Under the intensive "verbal intervention" of Japanese policymakers, USD/JPY failed to break through the key psychological mark of 160.00 in one fell swoop. The Finance Minister reiterated that the authorities are ready to "take all necessary measures at any time" to deal with exchange rate fluctuations, and emphasized that there is currently an "extremely strong sense of urgency" about currency market trends. The analyst believes that these tough statements indicate thatOnce the exchange rate returns above 160.00, the risk of the Ministry of Finance launching live-fire intervention will rise sharply.
In this guidance, the Bank of Japan left suspense for raising interest rates as early as April.

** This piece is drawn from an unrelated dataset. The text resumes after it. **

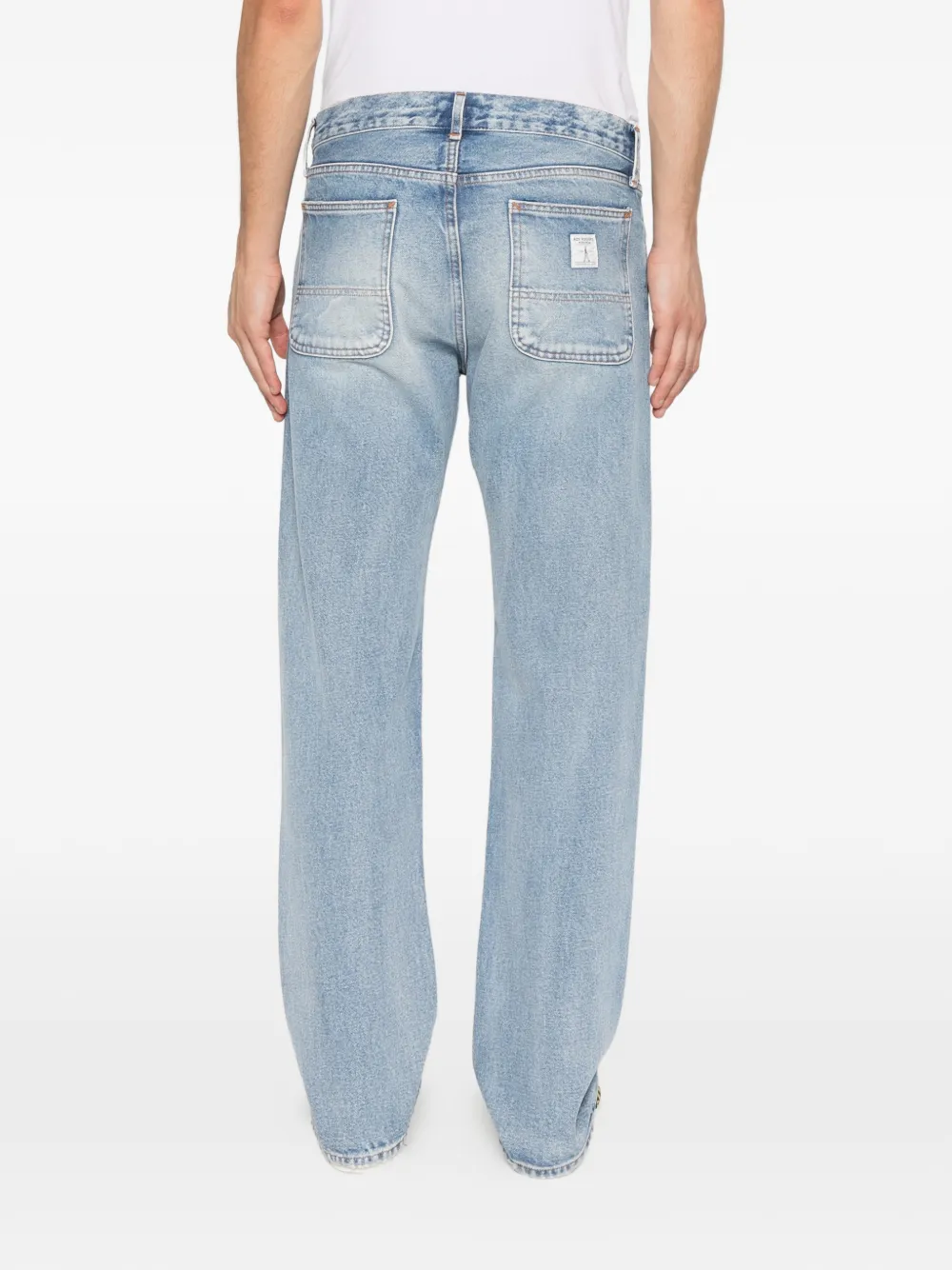 Roy Rogers Long Island straight jeans Blauw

Although no clear action instructions have been issued yet, President Kazuo Ueda has made it clear that the policy will adopt a "meeting-by-meeting discretionary decision" strategy. Given that the next interest rate meeting is scheduled for April 28, in the current turbulent environment, the next month is still full of variables. Therefore, the Bank of Japan's refusal to make a "hard www.xmtraders.commitment" today is prudent and logical.

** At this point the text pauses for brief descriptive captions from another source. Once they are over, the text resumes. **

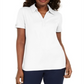 Blusa feminina Karen Scott de algodão com gola ilhós, branca, tamanho X-S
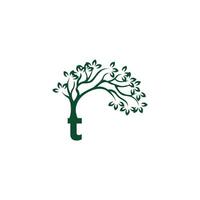 disegno del logo dell'albero vettore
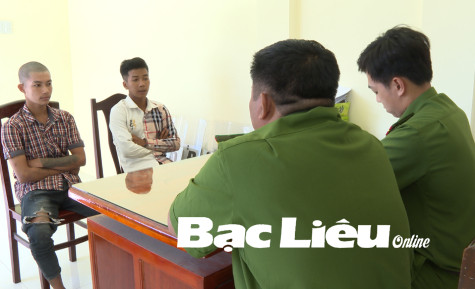 Công an huyện Hòa Bình: Bắt giữ 2 đối tượng trộm cắp xe máy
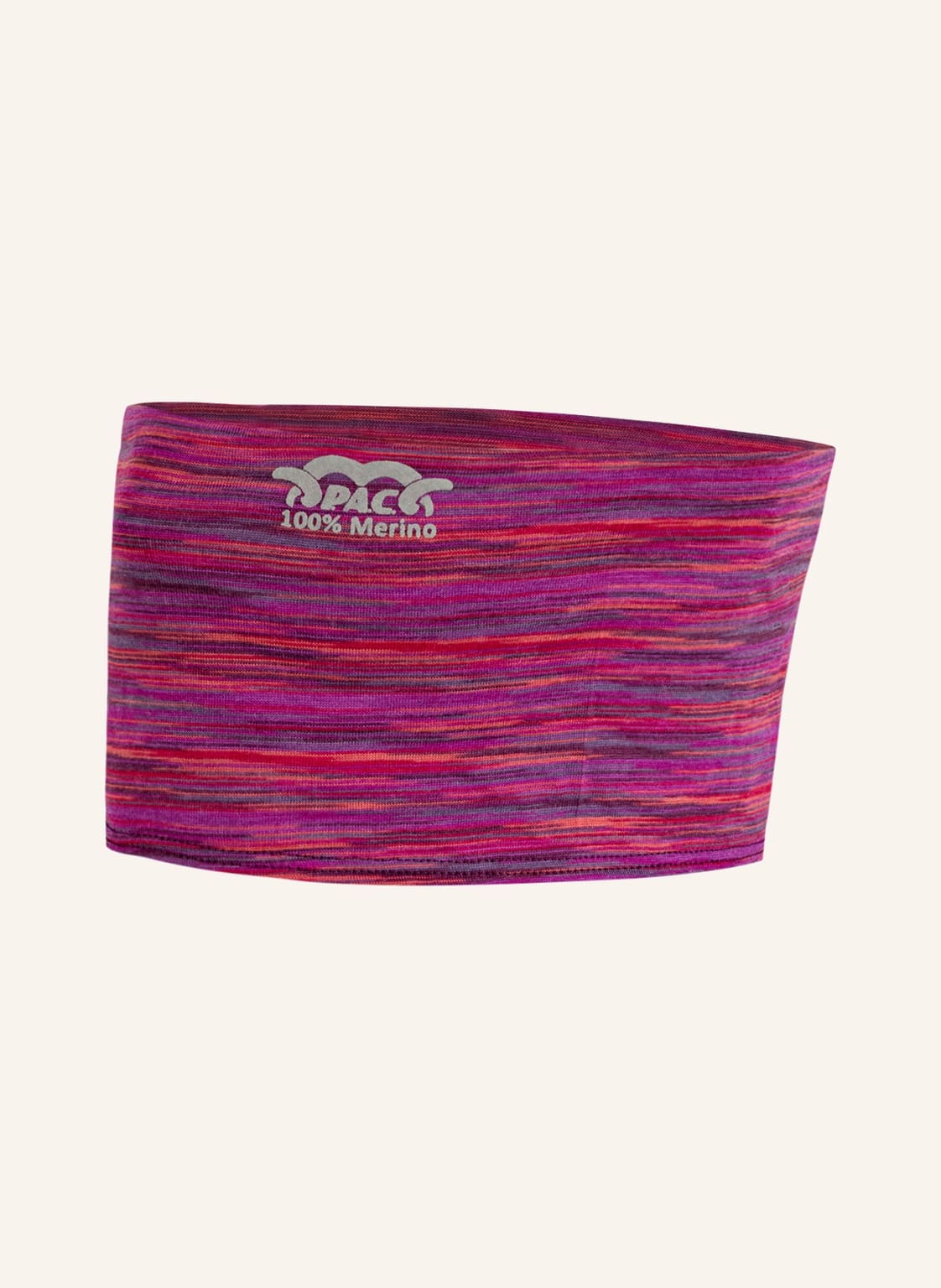 Image of P.A.C. Multifunktionstuch Aus Merinowolle rot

JeremyBoulto: The obsession with shorting the U.S. dollar, analyzing the fragile logic behind the huge euro position
The current market gaming mentality has gone to extremes. After the Australian dollar experienced a long-term rise, speculators changed their previous bearish stance and went long at high levels; funds that had been on the sidelines before the war also poured into Bitcoin crazily after the smoke rose. This behavior of chasing risky assets at the peak of uncertainty reflects the market's overconfidence in the "normalization of risk."
Although the huge long positions in the euro have shrunk, the overall size is still large, and traders are still keen to short the US dollar as the global reserve currency. At the extreme end of the gambling spectrum, traders did not reduce their positions amid the chaos, but instead stubbornly held large amounts of high-risk currencies that supported carry trades. Traditionally, when stocks fall, risk aversion heats up and volatility climbs, carry trades are often the first to collapse. The increase in volatility means that losses from exchange rate fluctuations are likely to overwhelm interest rate gains. However, traders seemed to turn a blind eye to this and continued to dance on the edge of the knife under the temptation of interest rate differentials.
The foundation of all these gambles lies in a strong equity market. In the face of growing adversity, the stock market has remained unusually robust. What we must be vigilant about is that due to the extremely successful early investment, investors have massive floating profits in their hands. Once the market begins profit-taking mode, the stock market's malaise will leave traders holding high-risk currency positions without the last reason to support, and large-scale deleveraging and stampedes will be inevitable.